Fortunately, seniors don't need to choose between independence and day-to-day well-being. By receiving at-home services, older adults can age at home safely and with the daily support they need.
At-home services provide crucial support for seniors aging in place
According to Rodier, even a little in-home support can make a crucial difference for a senior who has begun to struggle with daily chores and self-care. Too often, she says, elders and their families try to take on the burden alone, only to stretch themselves too thin.
"Sometimes, you just need that extra bit of help," she said. "Seniors and their families try to shoulder all of life's challenges by themselves — but they don't need to! That's what a community like Bayley is for: to provide a helping hand when you need it so you can live your life the way you want."
Since 2015, the Bayley Home Services program has provided nonmedical, private-pay home services to seniors residing on-campus — i.e., in the community's assisted living apartments, skilled care housing or maintenance-free cottages — as well as to those living independently in the broader Cincinnati area. According to Bayley's website, the initiative is designed to "ensure an individual's needs are met while still maintaining the freedom they deserve."
To accomplish this mission, Bayley Home Services offers a wide selection of supportive services. These include day-to-day help with bathing and personal hygiene, homemaker services (e.g., meal planning and prep, light housekeeping, laundry, pet care, shopping etc.), prescription pick-up, medication reminders, transportation and companionship.
Bayley also hosts an onsite Bayley Adult Day Program for seniors who wish to socialize, engage in planned activities, go on group outings, and receive help for their daily healthcare needs.
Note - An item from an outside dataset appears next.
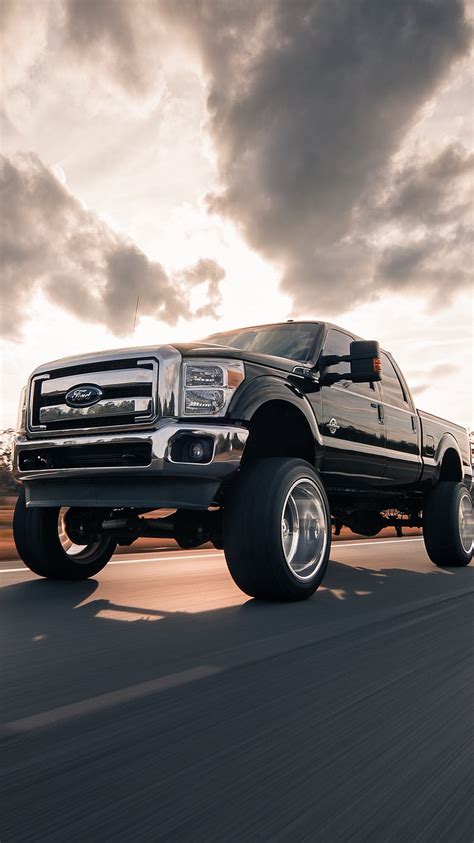 Ford, trucks, black, HD phone wallpaper | Peakpx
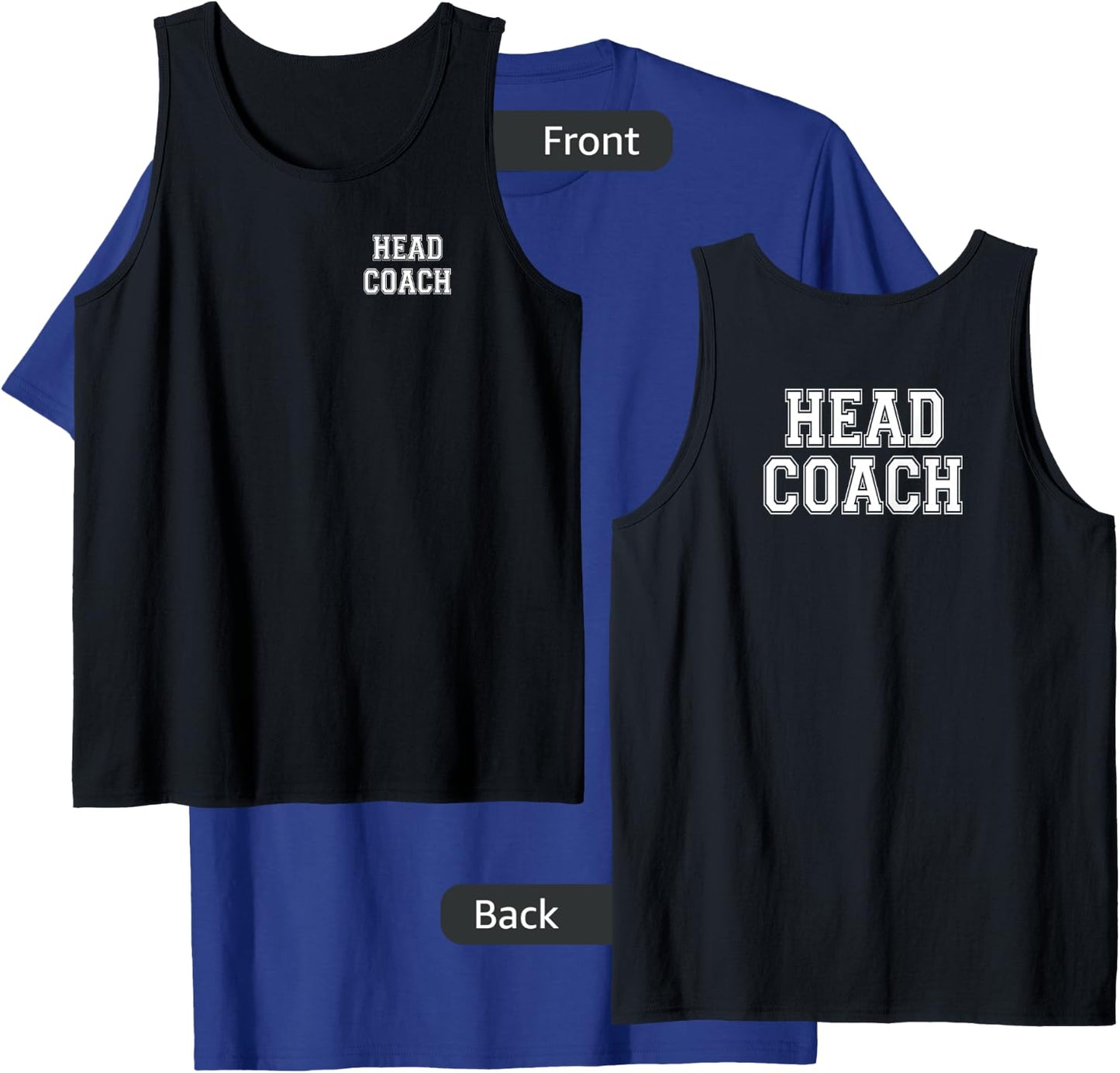 Head Coach front with letter athletic style for T-Shirt - T-Shirt | Royal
"Our goal is to help seniors meet their goals," Rodier said. "If your intention is to live independently at home — okay, let's figure out how to make that happen."
Bayley provides a sense of "home" to visiting and full-time community members
Our residential needs change with us as we age. While an independent, home-based arrangement might work perfectly well at first, there may eventually come a time when a senior needs the full-time support provided by an assisted living or memory care facility. By receiving at-home or day care services from a community like Bayley, seniors benefit from being familiar with the campus — and, in some cases, its residents — before making a move.
"Again, it's all about finding out what 'home' means to you at that moment of your life," Rodier said. "If you're already engaged with the community and feel comfortable on campus, the transition can feel much more natural; you're not pulling up roots and setting them down in an unfamiliar place."